Os fatos, como dados históricos, não podem ser distorcidos.
Suscetível de distorção é a linguagem que refere os fatos. Por isso, as distorções não se inscrevem na ordem factual, mas nas categorias voláteis do discurso.
Isso transparece por toda parte, o mais das vezes de boa fé, seja na súmula do juiz, que validou o gol inexistente, seja nas mentiras endêmicas, criadoras de verdades paralelas, que viabilizam o convívio e lubrificam as engrenagens sociais.
Todavia, o descompasso entre os fatos e a sua referência linguística toma aspectos menos isentos, quando viceja na esfera política.
Com efeito, sempre que os fatos denunciam a má qualidade dos serviços públicos, o político, confrontado com o dado histórico, desabonador e irrefutável, refugia-se nos meandros do discurso. Mas não de um discurso qualquer.
De índole formal, esse discurso, esse modo peculiar de significação chamado mito por alguns estudiosos, tem, dentre outras sutilezas, a missão de escamotear o entendimento, à feição da ideologia que espreita.
Eis um exemplo:
─ Prefeito, a cidade está imunda. Lixo por toda parte. O que o senhor tem a dizer?
─ Bem, antes de mais nada devo dizer que esse problema do lixo não é só aqui. São Paulo inunda toda vez que chove, porque os bueiros estão entupidos de lixo. Veja o que aconteceu
Na mesma linha ideológica, no Senado, há poucos dias, a televisão registrou esta conversa:
Repórter – Senador, até o líder da Oposição está envolvido no escândalo das viagens graciosas ao exterior.
Senador (contrito e sorridente)– Bem, aqui ninguém é santo.
Quer dizer, o pecado é original. Todo mundo peca. Pecar é a coisa mais “natural” do mundo. Fazer o quê?
Como ninguém argúi, seja por despreparo, seja por medo, ou conveniência, o mito se agiganta. Sem negar a realidade ─ a realidade é o lixo acumulado nas ruas ou no Senado─ o político trata de escondê-la, transformando a imundície flagrante em flagelo universal, do qual ele próprio se projeta como vítima indefesa, igual a todo mundo.
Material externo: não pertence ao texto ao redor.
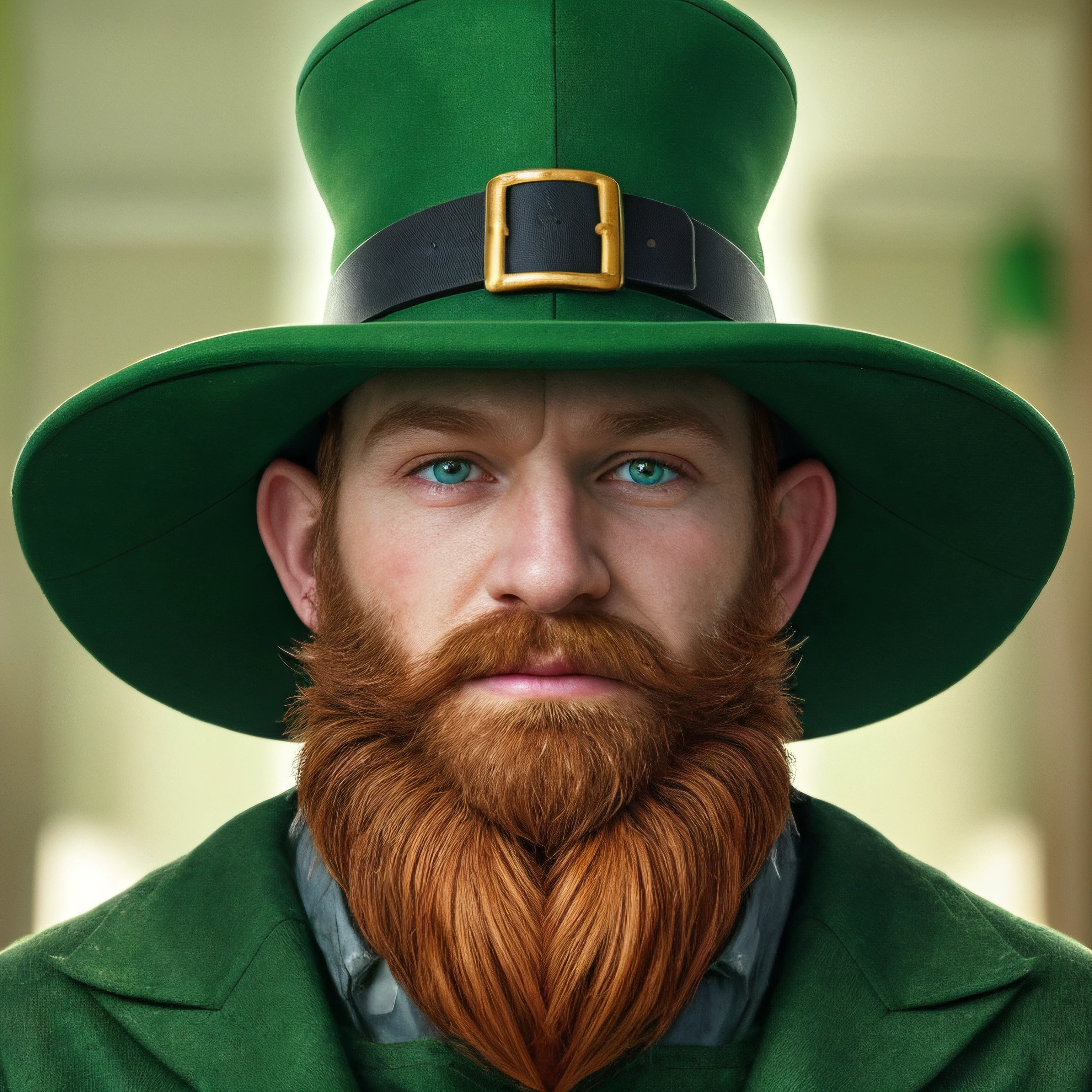 Leprechaun, green clothes, leprechau hat, beard, 1male, leprechaunmale, 1boy, muscular, (face:1.1), masterpiece, high details, high quality, best quality, highres <lora:LeprechaunMale:0.4>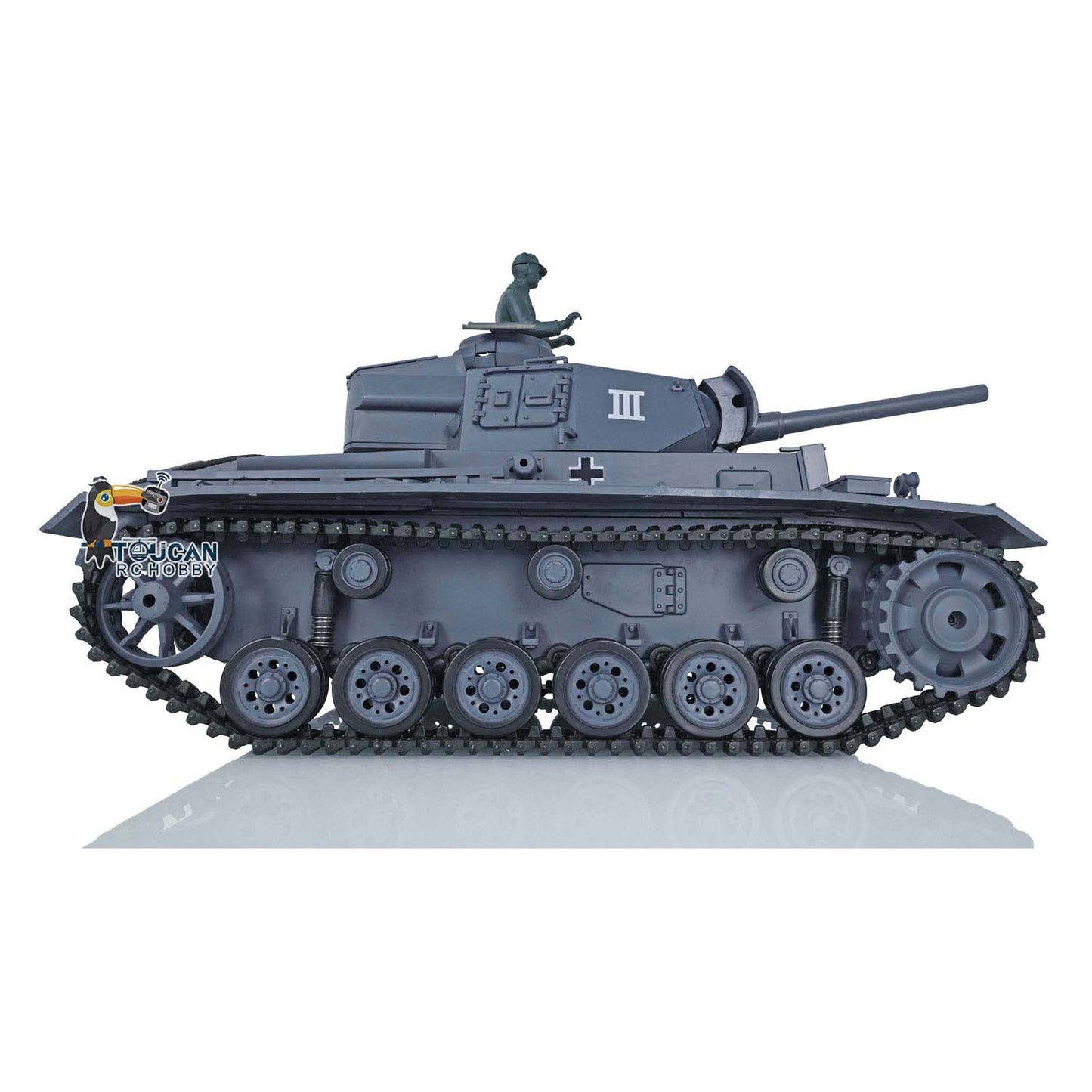 Henglong 1/16 7.0 Plastic Panzer III H/Panzer III L FPV RC Tank 3849 Gearbox 360 Degree Turret Rotation Infrared Combating System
Mas a natureza do mito não aparece por inteiro na escamoteação da realidade. Sua essência lateja precisamente no caráter impositivo e inapelável da camuflagem. Isso se chama autoritarismo ideológico. O povo não tem como se defender.
Em todo caso, bem que as escolas podiam ensinar a meninada a identificar os focos de proliferação dos mitos.
O professor mostraria os mitos vivos da atualidade, sobre os quais a ideologia investe pesado. O Pressal é um deles, assim como a imunidade incondicional de José Sarney, o condão soteriológico do Bolsa-Família, e a cisão radical entre ricos e pobres.
Ainda que essa consciência não liberte ninguém, pelo menos possibilita o sarcasmo, que, como diz um sábio contemporâneo, é preferível a um ataque de nervos.